U.S. President Joe Biden will briefly visit the Pacific islands nation of Papua New Guinea in May, a Papua New Guinea official said on Thursday, as Washington seeks to counter growing Chinese influence in the strategically important region.
Biden will stop in the capital Port Moresby on May 22 for three hours on his way to Australia to attend the Quad leaders summit, a spokesperson from the PNG Prime Minister's office told Reuters.
A Pacific islands source told Reuters Biden is expected to meet with over a dozen Pacific islands leaders during his May visit to Port Moresby.
The meeting would be a significant move in U.S. efforts to push back against Chinese inroads in the region, and follows Biden hosting Pacific island leaders at the White House in September.
The Quad summit is being held in Sydney on May 24, with the leaders of India, Australia, Japan and the United States attending, Australia's government has said.
India's Prime Minister Narendra Modi is also expected to visit Papua New Guinea on May 21 for a two-day visit en-route to Australia, where he will meet the Pacific island leaders, Papua New Guinea's government has previously announced.
The PNG Post Courier newspaper reported on its front page on Thursday that the Biden stopover would be the first visit by a United States president to the resource-rich but largely undeveloped country of 9.4 million just north of Australia.
The United States embassy in Canberra referred questions to the White House. The White House National Security Council did not immediately respond to a Reuters request for comment.
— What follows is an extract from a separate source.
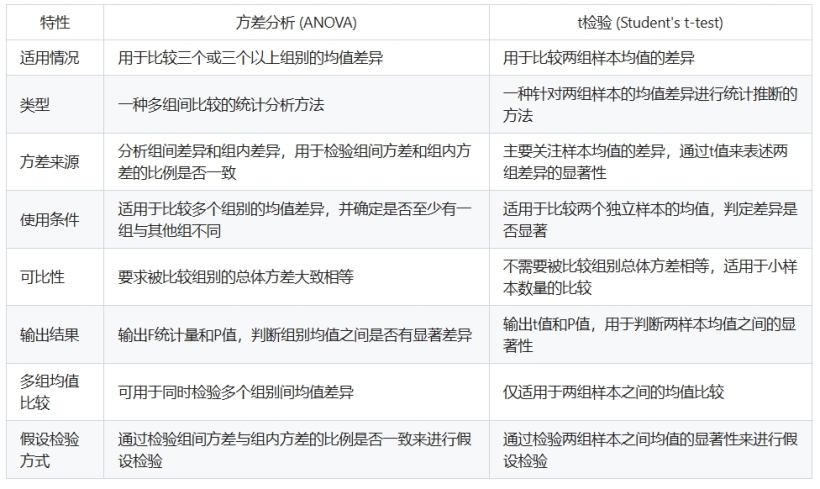 方差分析和t检验的区别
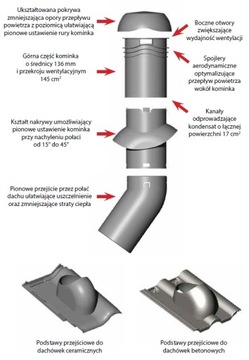 ВЕНТИЛЯЦИОННЫЙ КАМИН 125ММ KORAMIC OREA 9 ABS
White House officials have been considering tagging on a Pacific islands stop to Biden's travel to the G-7 in Japan and the Quad meeting in Australia, according to a person familiar with the matter.
The United States last year stepped up its diplomacy and aid to the Pacific region after China struck a security deal with the Solomon Islands, and Beijing attempted but failed to forge a wider security and trade pact with 10 island nations.
In a statement on Thursday, Fiji said its ministers for education, employment and women had met in Beijing with China's foreign minister Qin Gang, and he had "highlighted the need to formalize the China - Pacific Island Countries relationship."